# Oscars 2017: which gown do you like the best?



## helenora (Sep 13, 2015)

https://www.yahoo.com/style/oscars-2017-best-worst-dressed-slideshow-wp-225732046/photo-p-onstage-during-89th-annual-photo-225732105.html

here is a link with actresses wearing dresses at Academy award ceremony 2017.

which one do you like the best? ( if you care )

as for me I like no. 14  even though I haven't watched a ceremony itself but I do like to see what sort of attire they wore....


----------



## EddieRUKiddingVarese (Jan 8, 2013)

I liked my grown best thanks.................


----------



## Jos (Oct 14, 2013)

Strange comment on nr. 15;

"people probably expected something with just a little more oomph. (Photo: Getty Images)"

I think miss Hayek has got plenty of oomph, regardless of whatever dress.

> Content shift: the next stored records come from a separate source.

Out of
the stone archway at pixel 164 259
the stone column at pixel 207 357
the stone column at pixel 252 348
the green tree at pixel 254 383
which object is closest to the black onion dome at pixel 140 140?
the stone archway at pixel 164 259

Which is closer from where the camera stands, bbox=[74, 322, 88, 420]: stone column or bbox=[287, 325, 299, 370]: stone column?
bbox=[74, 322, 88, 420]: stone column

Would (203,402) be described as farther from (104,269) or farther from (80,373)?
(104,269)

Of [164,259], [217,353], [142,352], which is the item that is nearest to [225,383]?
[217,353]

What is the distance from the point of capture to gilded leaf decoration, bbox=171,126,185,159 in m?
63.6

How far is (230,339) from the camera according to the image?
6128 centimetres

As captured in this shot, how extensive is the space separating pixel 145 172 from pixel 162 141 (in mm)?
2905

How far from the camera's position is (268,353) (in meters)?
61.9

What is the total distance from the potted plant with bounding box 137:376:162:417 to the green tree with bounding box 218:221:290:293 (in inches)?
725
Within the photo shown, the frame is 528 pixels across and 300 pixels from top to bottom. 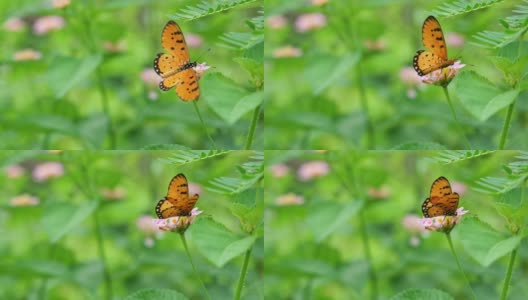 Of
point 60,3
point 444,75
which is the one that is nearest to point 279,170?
point 444,75

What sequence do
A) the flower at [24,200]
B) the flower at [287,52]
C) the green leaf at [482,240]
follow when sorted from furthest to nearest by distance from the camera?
the flower at [24,200], the flower at [287,52], the green leaf at [482,240]

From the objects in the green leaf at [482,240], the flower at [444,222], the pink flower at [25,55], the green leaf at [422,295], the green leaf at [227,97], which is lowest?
the green leaf at [422,295]

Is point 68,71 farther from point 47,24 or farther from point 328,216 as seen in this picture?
point 328,216

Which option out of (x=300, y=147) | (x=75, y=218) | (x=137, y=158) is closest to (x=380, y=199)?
(x=300, y=147)

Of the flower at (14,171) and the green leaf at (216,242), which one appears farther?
the flower at (14,171)

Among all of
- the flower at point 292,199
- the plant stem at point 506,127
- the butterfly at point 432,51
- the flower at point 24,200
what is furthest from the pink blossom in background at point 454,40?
the flower at point 24,200

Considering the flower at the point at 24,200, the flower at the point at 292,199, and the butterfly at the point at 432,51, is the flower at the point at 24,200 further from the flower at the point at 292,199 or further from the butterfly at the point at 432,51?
the butterfly at the point at 432,51

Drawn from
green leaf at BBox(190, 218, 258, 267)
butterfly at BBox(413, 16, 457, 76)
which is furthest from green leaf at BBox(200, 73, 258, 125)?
butterfly at BBox(413, 16, 457, 76) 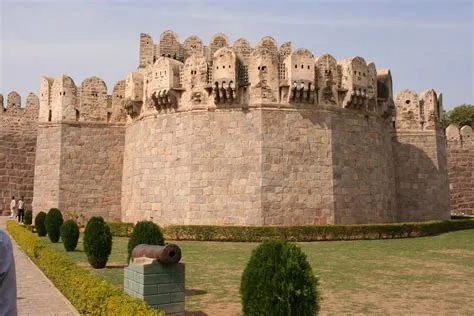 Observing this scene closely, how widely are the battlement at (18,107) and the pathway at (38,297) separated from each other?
21930 millimetres

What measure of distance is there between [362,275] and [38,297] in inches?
263

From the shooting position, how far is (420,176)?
25.7 meters

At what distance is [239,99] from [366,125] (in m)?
6.09

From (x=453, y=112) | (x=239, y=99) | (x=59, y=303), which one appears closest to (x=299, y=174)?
(x=239, y=99)

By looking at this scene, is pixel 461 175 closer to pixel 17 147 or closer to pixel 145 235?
pixel 145 235

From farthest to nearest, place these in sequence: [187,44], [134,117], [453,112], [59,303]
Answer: [453,112] < [187,44] < [134,117] < [59,303]

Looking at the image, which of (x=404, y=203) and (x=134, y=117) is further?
(x=404, y=203)

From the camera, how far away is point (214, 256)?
541 inches

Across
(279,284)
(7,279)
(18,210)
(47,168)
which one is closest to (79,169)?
(47,168)

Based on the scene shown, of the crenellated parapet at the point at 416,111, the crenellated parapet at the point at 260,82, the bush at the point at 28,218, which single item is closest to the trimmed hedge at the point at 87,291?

And yes, Scarlet J doesn't look her best in that outfit.


----------



## Antiquarian (Apr 29, 2014)

Amy Adams in Tom Ford, for me...just something about that gown.


----------



## elgar's ghost (Aug 8, 2010)

I'd better not say in case I pick the wrong one.... :devil:


----------



## EddieRUKiddingVarese (Jan 8, 2013)

EddieRUKiddingVarese said:


> I liked my grown best thanks.................


----------



## helenora (Sep 13, 2015)

Antiquarian said:


> Amy Adams in Tom Ford, for me...just something about that gown.


right, not bad.


----------



## helenora (Sep 13, 2015)

EddieRUKiddingVarese said:


>


your outfits are unique. do you own all of them?


----------



## Pugg (Aug 8, 2014)

EddieRUKiddingVarese said:


>


Family from Dame Edna?


----------



## EddieRUKiddingVarese (Jan 8, 2013)

Pugg said:


> Family from Dame Edna?


Close, Aunty Jack sort of the bad cousins............


----------



## Huilunsoittaja (Apr 6, 2010)

I liked No. 20 Chrissy Teigen. I'm just a fan of white/cream these days and it's just a very artsy, unique design. Makes me think of Ancient Greek togas or something.


----------